Pakistani President Mamnoon Hussain visited Kabul for the first time since coming into office.
By Ankit Panda
March 28, 2014
On Thursday, Pakistani President Mamnoon Hussain visited Kabul for one day upon the invitation of the Afghan government, marking his first visit to Afghanistan since taking office in September 2013. Hussain’s visit, which comes on the occasion of the Persian new year, Nowruz, will attempt to strengthen Pakistan’s relationship with Afghanistan.
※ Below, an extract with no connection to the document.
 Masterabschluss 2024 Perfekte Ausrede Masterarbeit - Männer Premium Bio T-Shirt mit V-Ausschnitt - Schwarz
Hussain was accompanied by Pervaiz Rashid, the Pakistani Minister for Information, Broadcasting and National Heritage.
According to a statement released by the Pakistani Foreign Ministry, ”The President’s visit is part of the efforts to strengthen bilateral relations with Afghanistan in all dimensions and support efforts for durable peace, stability and prosperity in the region.” The Afghan government also invited other leaders from around the region to participate in the Nowruz celebrations. ”On the sidelines, the President will be interacting with the other participating leaders, during which bilateral matters and regional issues of peace and security and trade and economic cooperation are expected to figure,” the Foreign Ministry statement added.
The visit comes in the wake of Afghan government accusations that Pakistan’s intelligence agency, the Inter-Services Intelligence (ISI), may have abetted the perpetrators of the deadly terror attack on the Serena Hotel in Kabul last week. Pakistan’s support of the Taliban government from 1996 to 2001 as well as its strategic interests in maintaining Afghanistan as a weak buffer state have caused Afghan policymakers to regard it with suspicion. Particularly as the United States draws down and prepares to withdraw its troops from Afghanistan at the end of this year, Afghanistan remains concerned that a resurgent Taliban could find clandestine support from Pakistan.
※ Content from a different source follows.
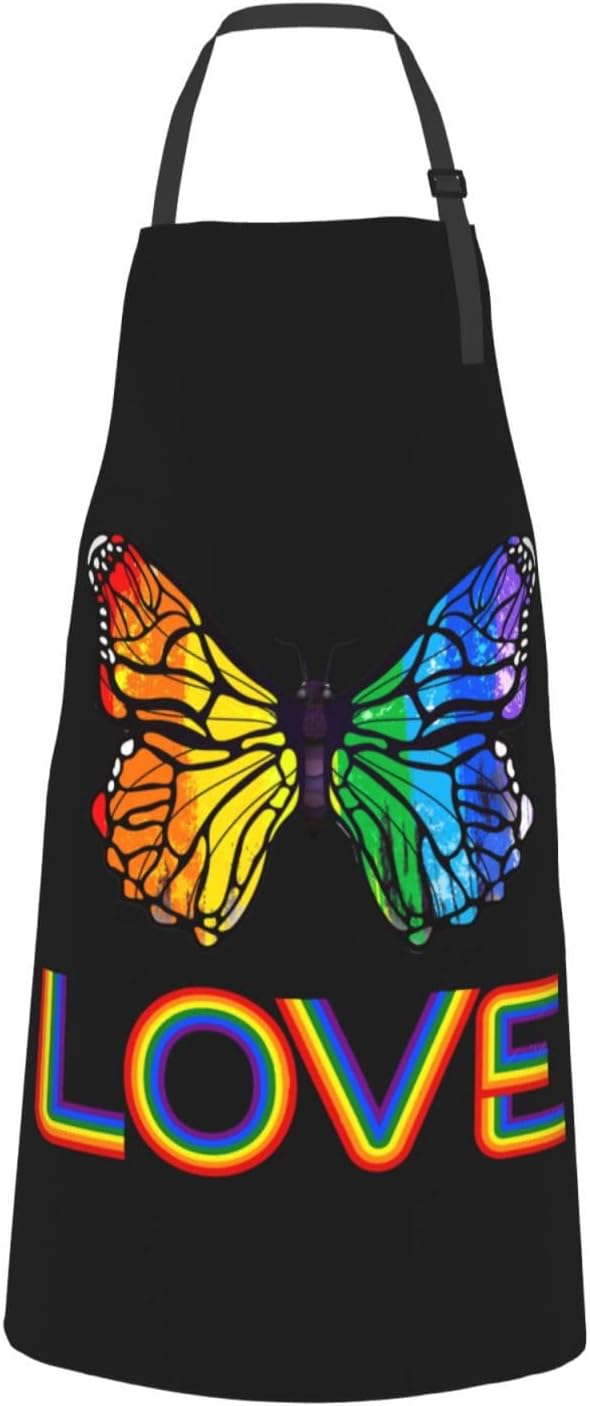 LGBT Aprons Gay Aprons with Pockets and Adjustable Rainbow Apron for Gardening Cooking Kitchen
Afghanistan’s President Hamid Karzai is on his way out soon after the elections scheduled to take place next month. In his last few months, however, Karzai has accomplished quite a bit with regard to Afghanistan’s foreign policy with its neighbors. After infamously refusing to sign the Bilateral Security Agreement with the United States, which would have allowed a small U.S. troop presence post-2014 for limited counter-terrorism and training operations, Karzai has reached out to India, Iran, and Central Asian states for security and economic cooperation.
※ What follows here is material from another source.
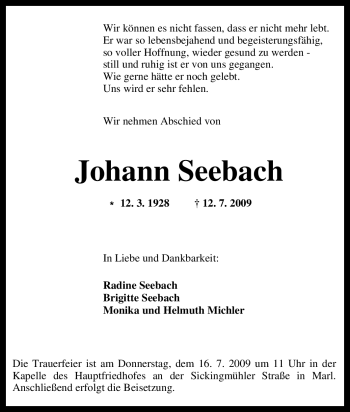 Traueranzeige von Johann Seebach von Tageszeitung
On Wednesday, ahead of the Nowruz celebration and Hussain’s visit to Kabul, Karzai met with Tajikistan’s President Emomali Rahmon (who was also invited to Kabul for the Nowruz celebration) and the two leaders signed five bilateral agreements on “bilateral trade and investment, collaboration in culture, partnership in arts, media coalition, and a cooperation agreement between both countries national radio televisions.” Rahmon told the press that “when foreign troops withdraw from Afghanistan, we are focused on expanding security, military and border and judicial relations with Afghanistan to overcome possible security threats in the future.”
Afghanistan will soon have a new president and a new government – all the likely successors have indicated that they would sign the Bilateral Security Agreement with the United States. Karzai has attempted to hedge Afghanistan’s post-2014 security options by seeking security cooperation with most of its friendly neighbors and remaining skeptical of Pakistan. His successors will likely do the same.